For the business world, cryptocurrency is now getting the support of different industries. Blockchain-based technology is now valued for the performance of the decade. Once 1,309.03 bitcoin was worth a dollar, now you can see the evolution. Bitcoin and other cryptocurrencies now cover almost 277 billion dollars of the market. The popularity has increased since the price increased in 2013 and 2017. That two significant years helped to promote cryptocurrency and bitcoin. Now, the price of Bitcoin is going to $10,000.
While the industry is absorbing cryptocurrencies, the risk associated with cryptocurrencies is not less, if you assume. No investment or trading is simply assumed to be free of this risk. Whenever you enter the trading world, you will understand that every investment is glued to risk. Cryptocurrency exchange, though, carries potentially high risks.
Which threats remain inevitable for the crypto industries, even though technology promoted for a secure platform?
The trend of the future, as more and more companies and countries are adopting them as legitimate money types, might be cryptocurrencies, such as bitcoin. But the risk and error potential is widespread, as with any new technology. Although different blockchains designed to reduce risk support cryptocurrencies, there is an inevitable amount of risk.
· The first explanation that the cryptocurrency industry is classified in a high-risk region is lack of regulation. Since the outbreak of bitcoin, many cryptocurrencies have been introduced to the system, but the government is still uncertain about building a proper structure to regulate the technology. As a result of the lack of oversight, the government will not be responsible for any losses on the sector.
· The next factor I could mention is market volatility. Not only bitcoin, but the entire market has been showing turmoil throughout the year. Market prediction sometimes doesn’t save investors from losing money through cryptocurrency trading. Uncertainty of the business still left the dealer covered and the danger zone.
· The theft is the third reason to give the cryptocurrency market a risky market tag. Yes, yes. Thanks to the open and entirely computer-based system, the industry has suffered billions of dollars to date due to hacking. Because the system is designed as a highly secure and almost untraceable network, it’s always hard to find the intruder. Once you’ve lost your crypt to a hacker, it’s unrecoverable.
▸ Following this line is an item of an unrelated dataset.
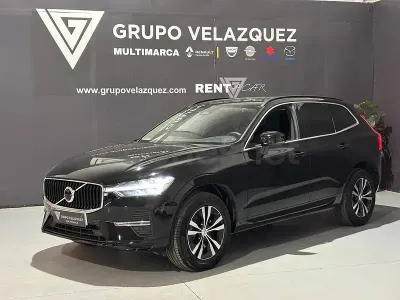 Usado Volvo XC60 Momentum 197 CV (144 kW) 2021 Negro SUV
Here, three of the most effective reasons that are screaming high for insurance for the industry. Maybe the risks which are associated with the cryptocurrency companies are limited but the effects are intense. Insurance is needed to cover the asset risks and create a safer environment for users inside the crypto space.
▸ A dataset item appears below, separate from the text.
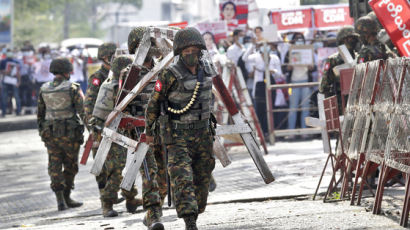 미얀마 군, 고무탄 쏴 부상자 속출…양곤엔 장갑차 투입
What does it mean to users if crypto exchanges purchase insurance?
It was in 2014 when the Great American Insurance Group provided Bitcoin insurance coverage. The initial stage was to build custody of the bitcoin criminal case. Particularly in the case of hacking, robbery, etc. guarded via insurance giants in the market.
That initial approach to bitcoin triggered the idea for exchanges to create custodianship for better service to users. Today, the US government has also given a custodial warning where companies hold large amounts of funds.
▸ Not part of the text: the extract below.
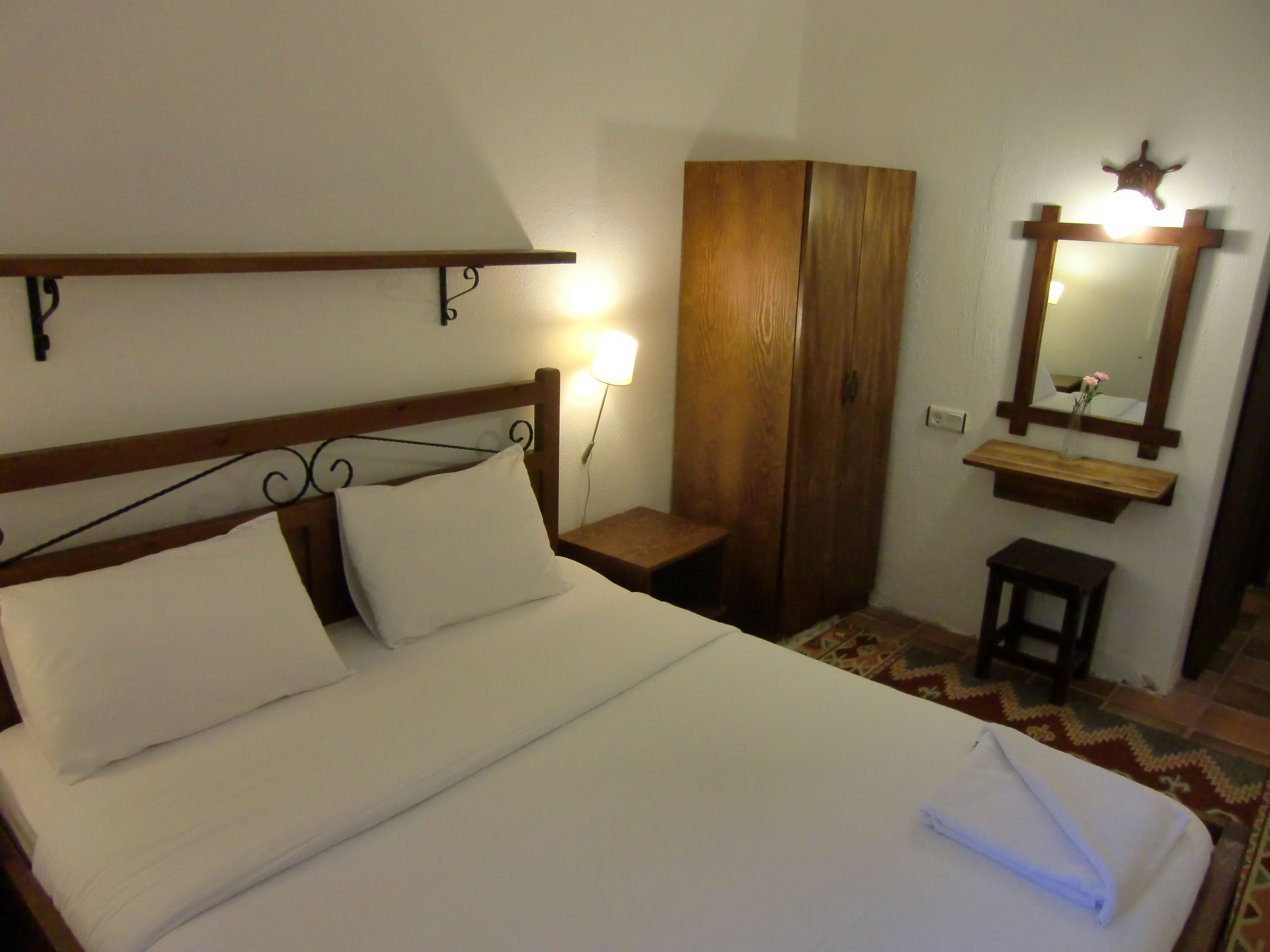 standard double room | egyptian cotton sheets, minibar, free wifi, bed sheets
Crypto exchanges carry users ‘ hard and cold wallets. Many consumers want crypto exchanges to protect their assets. But what the networks have been hacked? Since exchanges get most of the fund from customers. We have a pocket of people. Which makes exchanges the hacker’s prime target. It’s more convenient to hack a platform and steal money than to go to a user account.
CipherTrace reported that $4 billion worth of cryptocurrency, was stolen by hackers in 2019. Exchanges like Bitfinex, Bittrue, Binance, etc. lost a million dollar worth of cryptocurrencies due to security problems. Custody also needs insurance companies ‘ networks to ensure that any criminal act in the crypto-exchange does not harm the assets of the client.
The insurance scheme would guarantee the stability of the wallet and the crypto-exchange firms are pushed towards it. Coinbase received a portfolio worth $255 million from Lloyd’s of London. Bakkt, the Bitcoin Futures Trading Platform, has covered $125 million. BitGo has acquired a $100 million contract from Lloyd’s of London. In 2018, Gemini purchased insurance form, two insurance giants, Aon and the Federal Deposit Insurance Corporation. Other than these Exchanges, the Kingdom Trust, Anchorage and Fidelity all purchased insurance for ultimate protection.
Insurance companies cover the exchange platform that holds the customer’s assets in their wallets. Big markets are open forums for criminals, and alluring to rob funds in one stroke. Such markets buy, sell and also provide the customer with custody. Wallet stability is one of the major achievements of major exchanges including Binance. This site already holds a large number of consumer assets. Getting an insurance policy not only enhances confidence towards the company but also renders the platform more stable. There is no guarantee that crypto exchanges provide customers with full solidity on the platform.